By Steven Cooke |
Last September, Michelle and I walked the Three Capes Track carrying everything ourselves. No pack transfers, no shortcuts. Just weight on our backs and some of the most raw, spectacular scenery Tasmania has to offer.
The track is beautifully built, but the packs change the deal. Every climb is earned. Every descent felt in the knees. The effort strips things back and sharpens the experience.
Then the views arrive.
Cliffs dropping clean into the Southern Ocean.
Dolerite columns standing there, unmoved and indifferent.
Wind, salt, scale.
You stop talking because there’s nothing useful to add.
Cape Pillar was the standout. Brutal wind, endless horizon, that humbling sense of being very small in a very old place. We stood there longer than planned, shoulders sore, completely present.

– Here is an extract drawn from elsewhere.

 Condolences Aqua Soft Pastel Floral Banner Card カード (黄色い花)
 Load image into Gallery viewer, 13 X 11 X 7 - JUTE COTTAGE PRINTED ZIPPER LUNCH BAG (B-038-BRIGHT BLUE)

Each night ended the same way. Simple food, tired bodies, deep sleep. The kind you only get after honest miles.
By Cape Hauy, the rhythm had settled in. Walk. Breathe. Adjust straps. Repeat. The final stretch back felt quiet and reflective, like the track had said what it needed to say.
The Three Capes isn’t just spectacular. It’s grounding.
Carrying your life on your back changes how you see it.
We finished tired, salt-stung, and lighter than when we started. Tasmania has a way of doing that.